Stored data |
┌────────

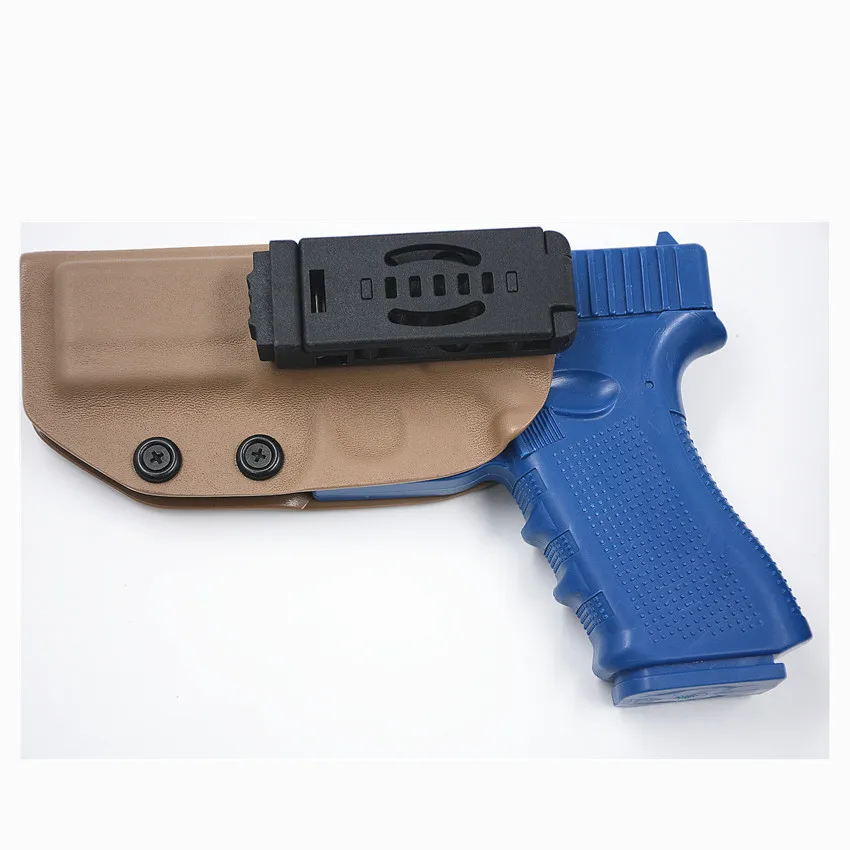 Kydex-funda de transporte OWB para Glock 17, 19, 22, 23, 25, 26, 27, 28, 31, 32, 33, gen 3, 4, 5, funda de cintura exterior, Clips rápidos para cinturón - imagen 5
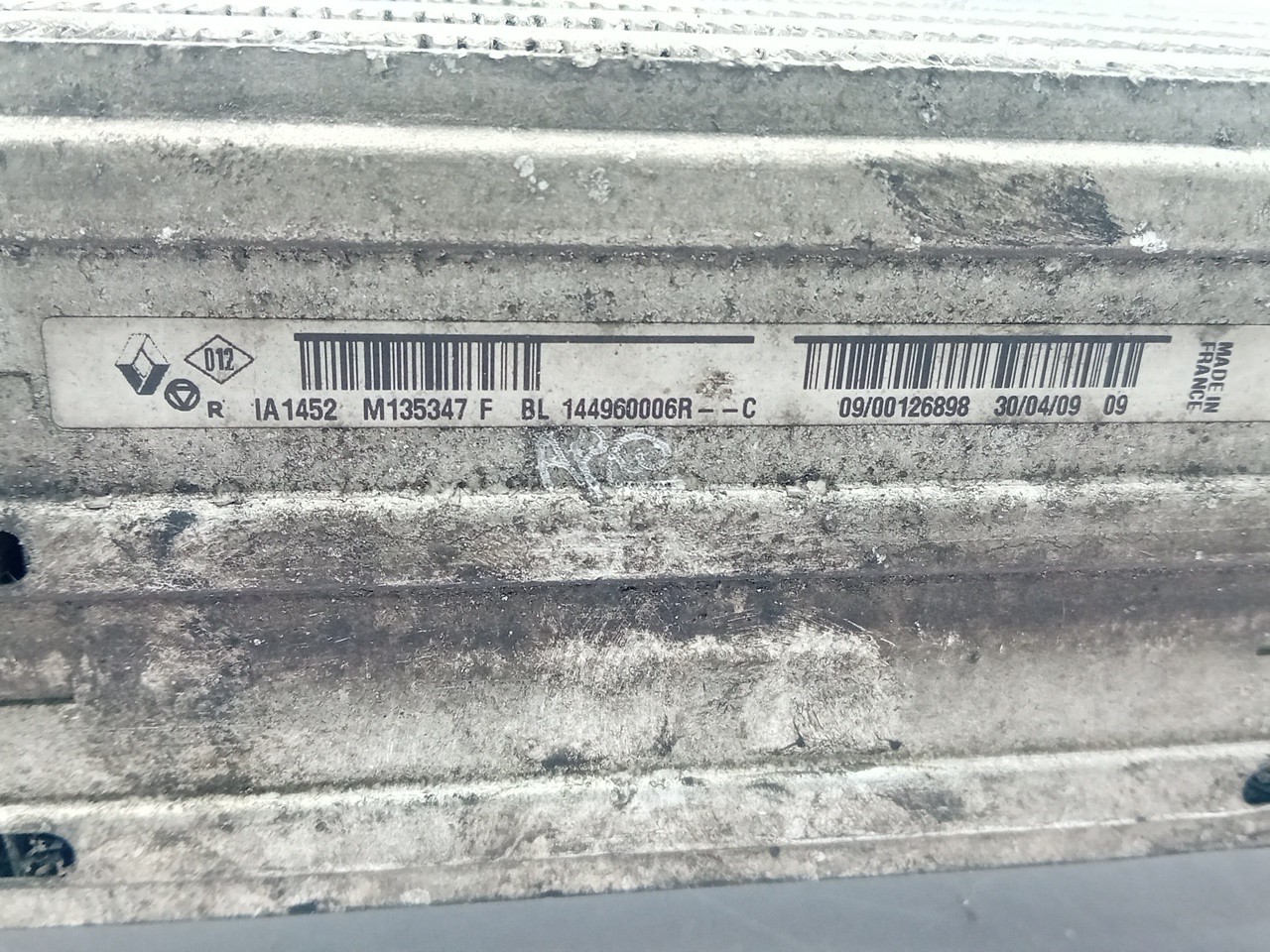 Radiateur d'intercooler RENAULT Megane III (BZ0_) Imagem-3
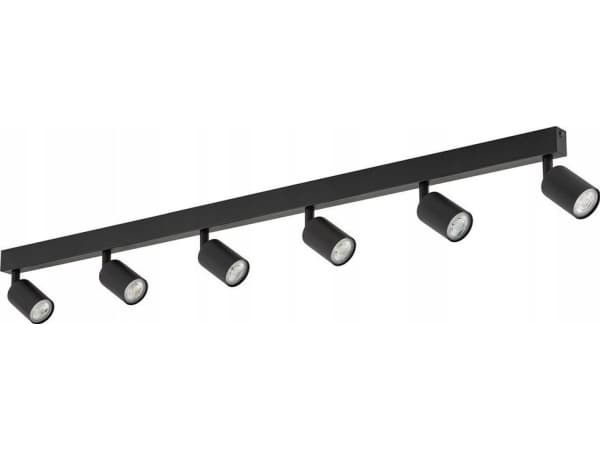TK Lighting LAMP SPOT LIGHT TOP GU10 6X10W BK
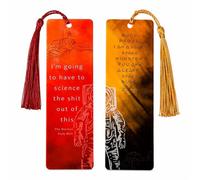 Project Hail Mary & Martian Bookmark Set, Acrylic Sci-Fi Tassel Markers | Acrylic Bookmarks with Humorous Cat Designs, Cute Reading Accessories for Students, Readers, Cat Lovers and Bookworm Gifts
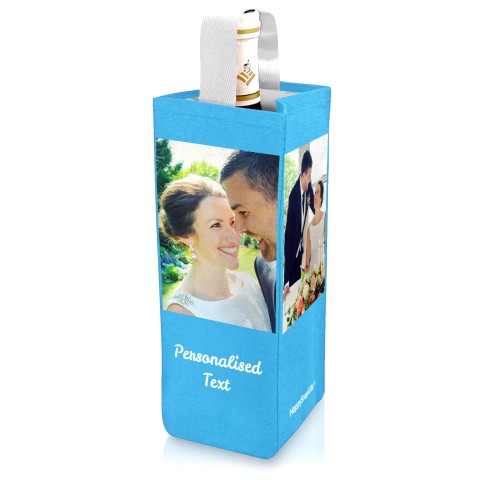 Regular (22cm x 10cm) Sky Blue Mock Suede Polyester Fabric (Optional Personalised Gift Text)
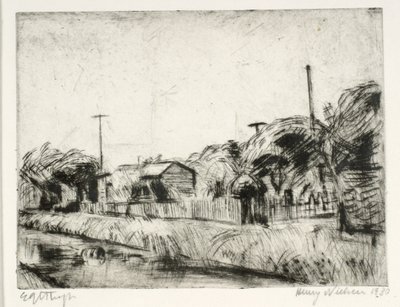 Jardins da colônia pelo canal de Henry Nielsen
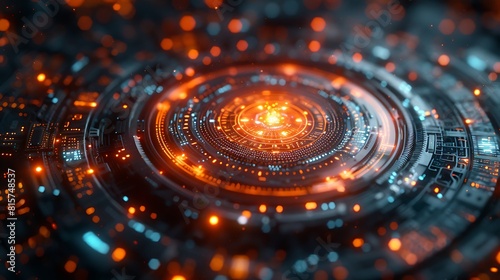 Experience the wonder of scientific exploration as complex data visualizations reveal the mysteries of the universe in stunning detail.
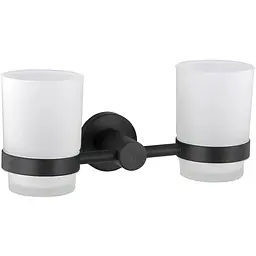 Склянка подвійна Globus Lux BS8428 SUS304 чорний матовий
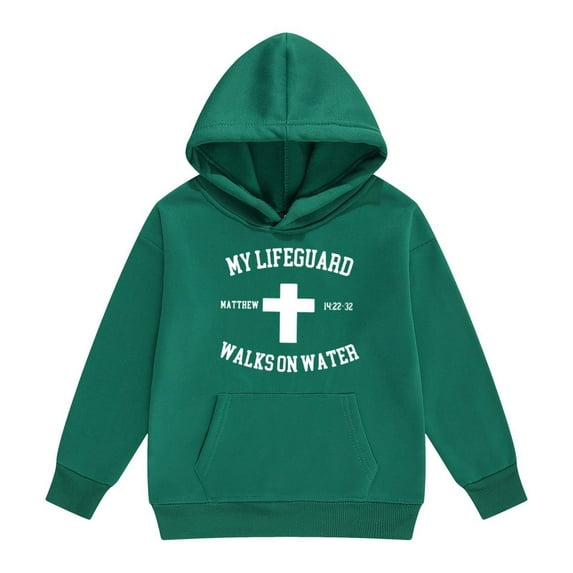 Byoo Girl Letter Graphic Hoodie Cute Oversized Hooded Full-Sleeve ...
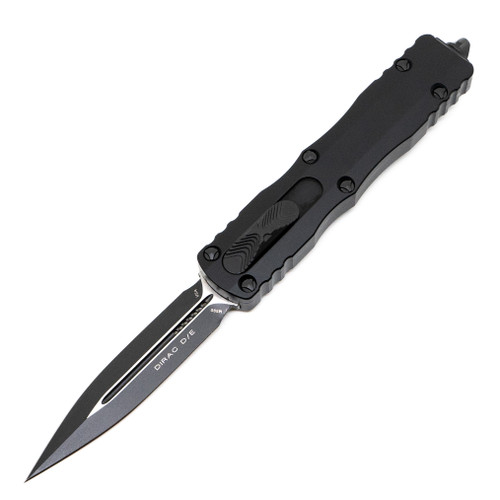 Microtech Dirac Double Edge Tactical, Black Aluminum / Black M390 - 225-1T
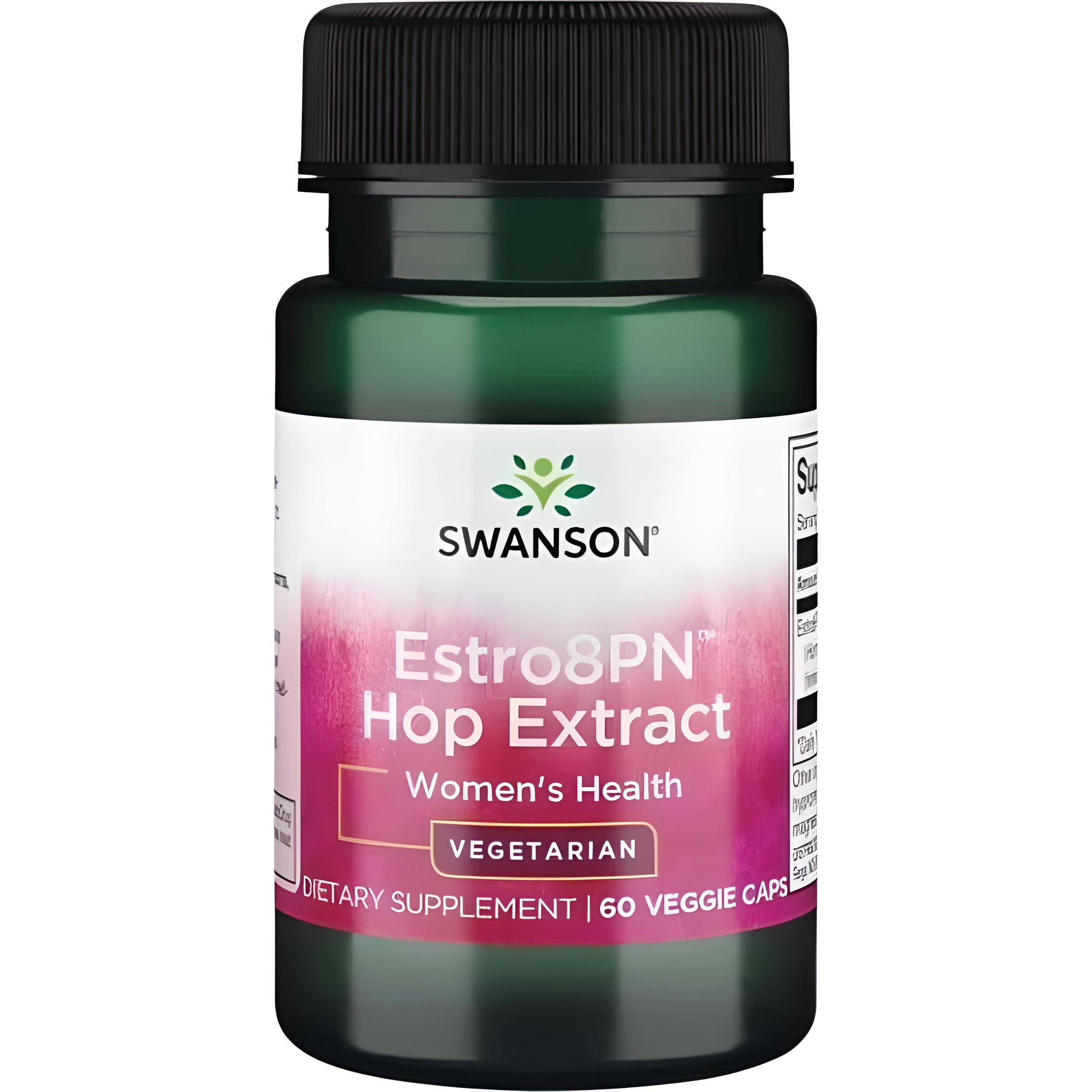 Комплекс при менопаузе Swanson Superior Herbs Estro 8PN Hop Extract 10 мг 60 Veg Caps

└────────

Nothing but an exact copy is needed, covering the lines from the line with "Experience the wonder" through the last line of the entries, pictures excluded.

 Experience the wonder of scientific exploration as complex data visualizations reveal the mysteries of the universe in stunning detail.
 Склянка подвійна Globus Lux BS8428 SUS304 чорний матовий
 Byoo Girl Letter Graphic Hoodie Cute Oversized Hooded Full-Sleeve ...
 Microtech Dirac Double Edge Tactical, Black Aluminum / Black M390 - 225-1T
 Комплекс при менопаузе Swanson Superior Herbs Estro 8PN Hop Extract 10 мг 60 Veg Caps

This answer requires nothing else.